12
To:
Subject:
Origins of nominal flange bore
sizes
Question:
Can you explain the origins of flange
bore sizes like 4-1/16",
7-1/16", etc. in API flanges?
Answer:
The question you raise fits together with another
historical question concerning the origin of the specific dimensions of
pipe schedules. We have never found an authentic historical account that
explains either. Because we have the same curiosity as yourself, and
since we have known and had conversations with some of the people ( now
deceased ) who worked on the earliest API Flange Specifications, we will
offer a “speculative history.”
All flanges seem to have originally derived from
pipe. Pipe nominal sizes like 2”, 3”, and 4”, when originally
standardized, had approximately 2”, 3”, and 4” inside diameters.
Flanges, as originally standardized, had their nominal sizes designated
according to the pipe with which they corresponded. As industry found
the need to contain higher pressure, standardized pipe needed thicker
walls to contain this pressure. This resulted in “schedules” designating
wall thicknesses on given outside diameters of pipe, these outside
diameters now fixed in size with the advent of standardized pipe threads. As
electric arc welding became a common procedure,
Welding Neck Flanges
became available with necks and inside diameters to match the various
“schedules” of pipe.
For oil and gas well use, flange connections
needed standardized bores so that standardized tools could pass through
these bores. In contrast to pipe, flange design allowed the necks of
flanges to increase in size to allow thicker walls to contain higher
pressure, keeping the working bore's inside diameter the same. Pipe
“nominal” size to flange “nominal” size “tradition," along with the fact
that API adopted ASA flange face and thickness dimensions for
6B
flanges, resulted in the original flange designations, e.g., 2” Series
1500, with 2-1/16” bores. Flanges with 2-1/16” bores would pass tools 2”
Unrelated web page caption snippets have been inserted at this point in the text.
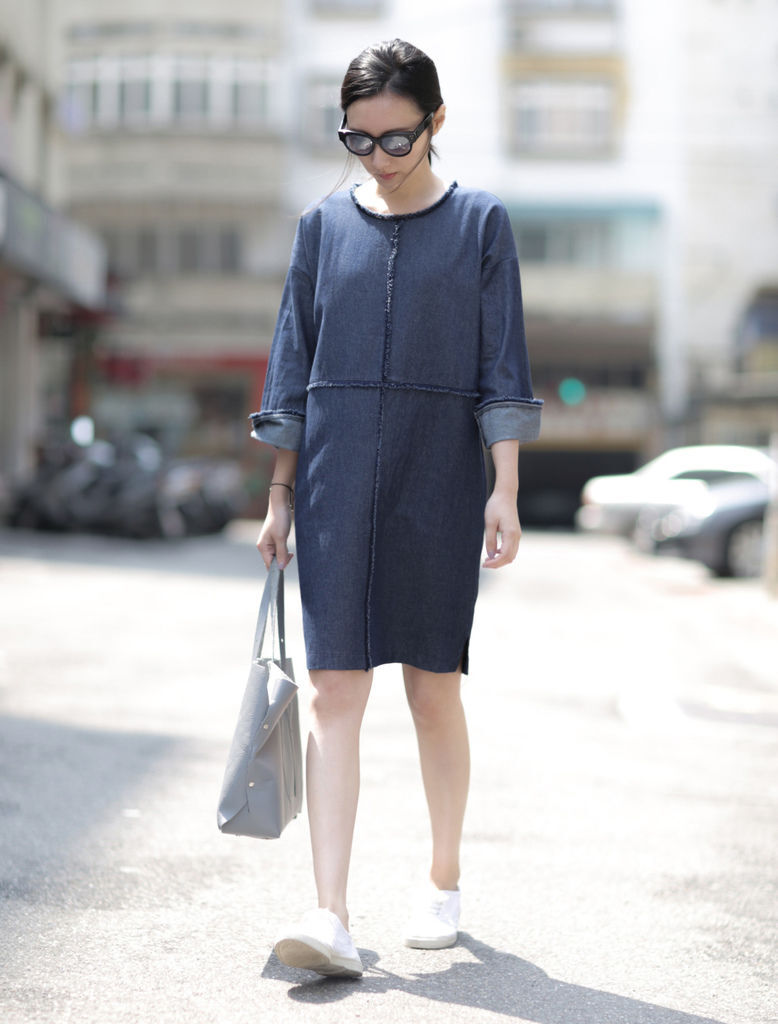 IMG_1813.jpg IMG_1813.jpg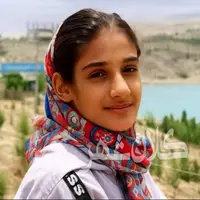 جزئیات قتل شیدای ۱۵ ساله به‌دست خواستگار ناکام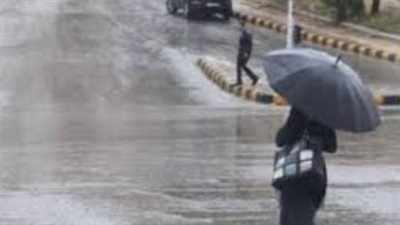 بين الحرارة نهاراً والبرودة ليلاً.. الأرصاد الجوية تنصح المواطنين بارتداء الملابس المناسبة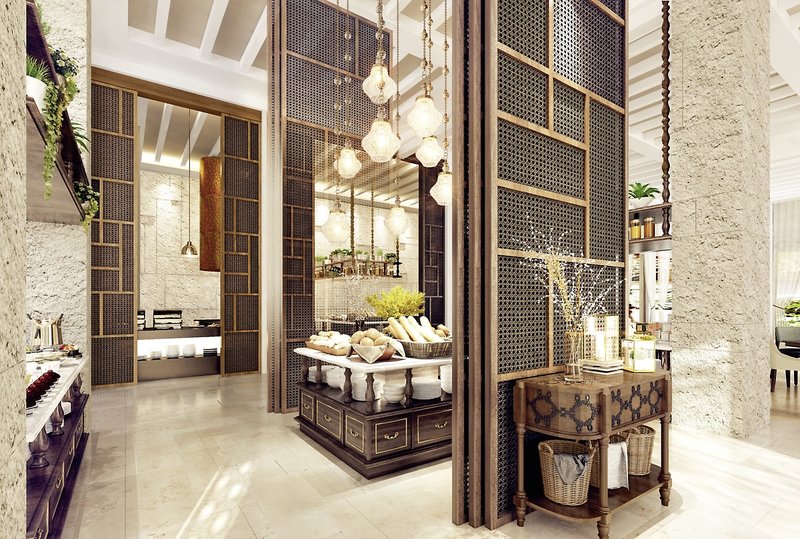 The Ritz-Carlton Ras Al Khaimah, Al Wadi Desert 26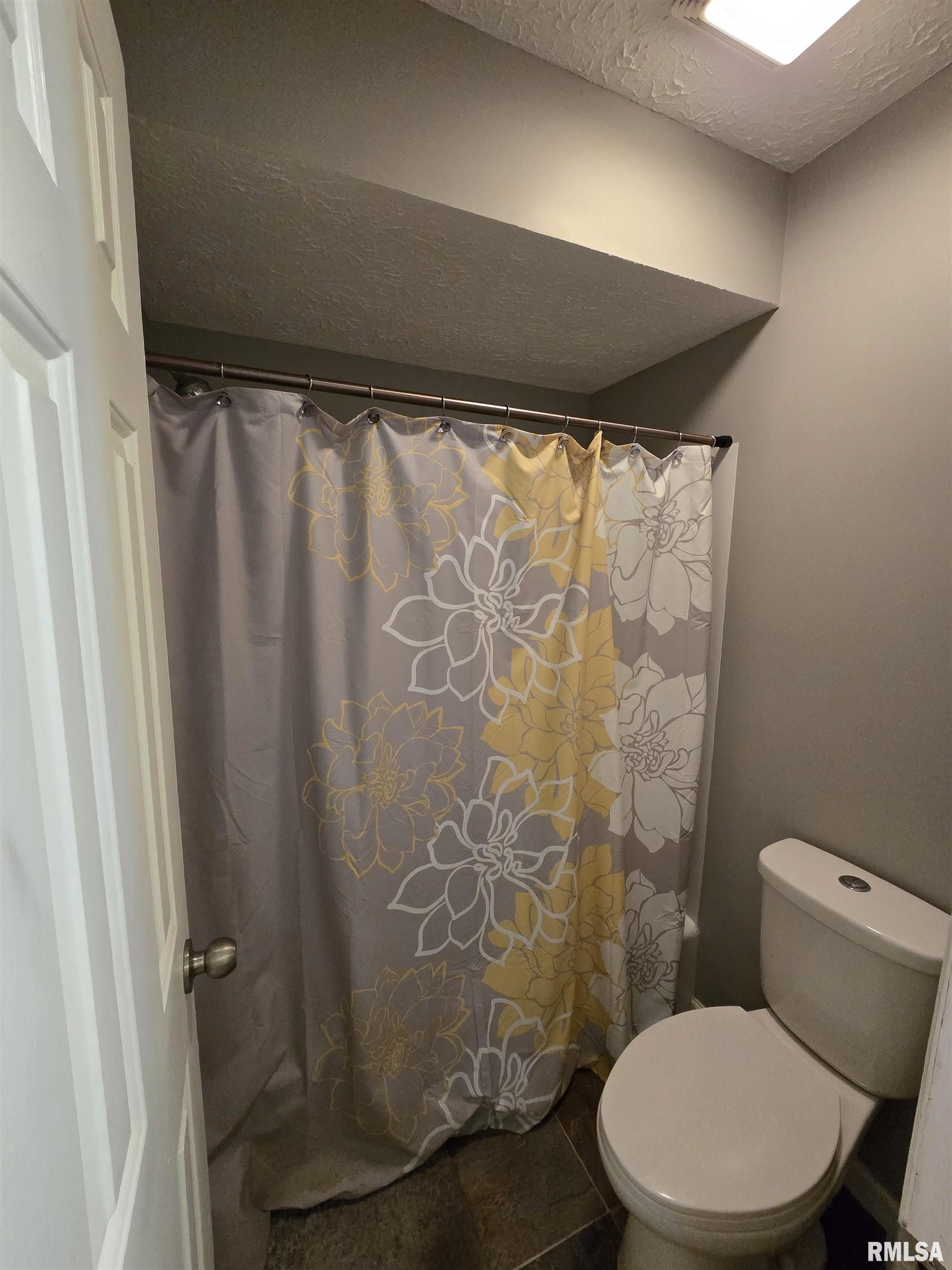 83 Country Place Springfield, IL 62703 - Photo 22 of 32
in outside diameter; 4-1/16” bore flanges would pass tools 4” in outside
diameter, and so on. As standardization continued and specialized
requirements presented themselves, bore sizes like 7-1/16”, 11”,
13-5/8”, and others developed. Higher pressure requirement also
contributed to the need for new flanges, and in the 1950’s, API adopted
6BX flanges for this purpose.
For years 6B flanges had their sizes designated as
nominal 2”, 3”, 4”, 6” etc. With the advent of 6BX flanges, API
designated flanges by bore and working pressure.